Corinne Luchaire

aus Wikipedia, der freien Enzyklopädie
Zur Navigation springen Zur Suche springen
Corinne Luchaire mit Camillo Pilotto in Abbandono, 1940

Corinne Luchaire (* 11. Februar 1921 in Paris; † 22. Januar 1950 ebenda) war eine französische Schauspielerin, die sich während der deutschen Besatzung in der Kollaboration verstrickte. Corinne Luchaire, der die französischen Bürgerrechte nach dem Krieg für zehn Jahre aberkannt wurden, starb im Alter von 28 Jahren an Tuberkulose.

Corinne Luchaire, getauft auf den Namen Rosita Christiane Yvette Luchaire, wurde 1921 als Tochter des Journalisten, späteren Pressemagnaten und Vichy-Politikers Jean Luchaire und der Malerin Françoise Germaine Besnard, einer Tochter von Albert Besnard, geboren. Nach Schauspielunterricht bei Raymond Rouleau trat sie 1937 erstmals in dem für sie verfassten Theaterstück Altitude 3200 ihres Großvaters Julien Luchaire auf. Der Erfolg verschaffte ihr die erste Hauptrolle im Film Prison sans Barreaux (dt.: Gefängnis ohne Gitter), der im gleichen Jahr mit ihr in der Hauptrolle auch in der englischen Sprachversion Prison Without Bars in London gedreht wurde.
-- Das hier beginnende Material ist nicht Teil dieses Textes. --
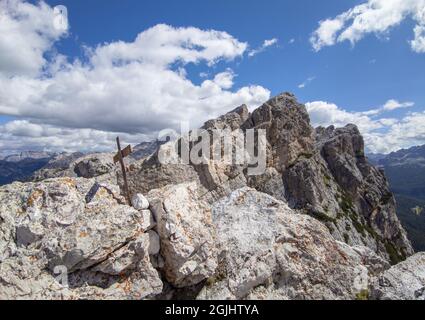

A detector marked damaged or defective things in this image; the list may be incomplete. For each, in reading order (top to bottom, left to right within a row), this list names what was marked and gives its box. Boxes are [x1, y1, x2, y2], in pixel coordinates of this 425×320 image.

rusty metal cross [113, 137, 132, 205]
Nach Anerkennung durch Mary Pickford zunächst als französische Garbo gefeiert, musste sie 1940 ihre Schauspielerkarriere aufgrund einer Erkrankung an Tuberkulose beenden.

Problematisch für sie wurden die Deutschlandverbindungen ihrer Eltern. Der Vater, ein erfolgreicher Journalist, Verleger und Politiker, unterstützte das Vichy-Regime. Sein Büro galt als wichtige Kontaktstelle der Kollaboration. Mit dem deutschen Botschafter Otto Abetz verband ihn eine persönliche Freundschaft. Die Mutter hatte eine Affäre mit Gustav Stresemann und war mit Kurt Freiherr von Schröder befreundet.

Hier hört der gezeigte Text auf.